You probably can’t make it out, but the bicycle wheel has a valve stem (!) at about 11 o’clock. The patch came from a great little company called Demeritwear, which has a an amusing collection of patches — de-merits, I guess, to keep the scouting organizations from getting all huffy.
For this version of the S bag flap, I used a much heftier vinyl between ripstop layers than the one I used in the prototype. The vinyl was too heavy to pin, so I used office supply clips to hold the layers together, removing them one by one as I stitched.

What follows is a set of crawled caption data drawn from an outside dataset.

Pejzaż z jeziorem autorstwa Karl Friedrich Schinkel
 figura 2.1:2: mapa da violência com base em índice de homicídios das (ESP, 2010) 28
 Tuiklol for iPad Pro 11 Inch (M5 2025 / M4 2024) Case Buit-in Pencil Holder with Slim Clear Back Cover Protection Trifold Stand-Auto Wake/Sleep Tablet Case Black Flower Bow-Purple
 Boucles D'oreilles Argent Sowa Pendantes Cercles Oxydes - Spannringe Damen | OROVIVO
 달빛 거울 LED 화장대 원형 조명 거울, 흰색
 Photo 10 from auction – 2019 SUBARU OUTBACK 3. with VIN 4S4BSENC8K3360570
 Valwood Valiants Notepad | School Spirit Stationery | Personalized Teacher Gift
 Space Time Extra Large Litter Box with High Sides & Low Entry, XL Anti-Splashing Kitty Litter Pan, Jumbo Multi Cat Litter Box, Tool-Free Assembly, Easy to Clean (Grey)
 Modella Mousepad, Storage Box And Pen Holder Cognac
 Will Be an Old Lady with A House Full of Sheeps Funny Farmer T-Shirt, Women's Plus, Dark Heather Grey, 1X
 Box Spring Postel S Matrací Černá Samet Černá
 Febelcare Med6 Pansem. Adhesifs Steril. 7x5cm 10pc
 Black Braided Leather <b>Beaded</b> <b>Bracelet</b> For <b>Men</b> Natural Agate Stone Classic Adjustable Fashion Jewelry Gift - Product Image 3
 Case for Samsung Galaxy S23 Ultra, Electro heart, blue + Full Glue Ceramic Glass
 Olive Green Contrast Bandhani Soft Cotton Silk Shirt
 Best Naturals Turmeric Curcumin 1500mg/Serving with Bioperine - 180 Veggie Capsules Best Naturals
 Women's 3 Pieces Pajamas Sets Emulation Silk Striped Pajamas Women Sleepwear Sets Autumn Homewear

I zigzag around these edges (everything except the outer fabric) before adding the hook-and-loop tapes and the buckles, since I don’t want the stitching to show on the front. Here’s how the inside of the flap looked just before I attached the front material and finish everything with the binding:
Normally, I’d melt the edges of the ripstop used for the lining and interlining, but, since the raw edges are completely encased, I didn’t bother.
A couple of years ago, I bought some shower curtains that used nylon buckles as a design element. No curtain rings were necessary; the fabric was held across the rod by the buckles and webbing. I cannibalized the buckles, creating a lifetime supply for my stash, and used the short webbing strips to on this S bag flap — so I didn’t have to melt the ends of the webbing either.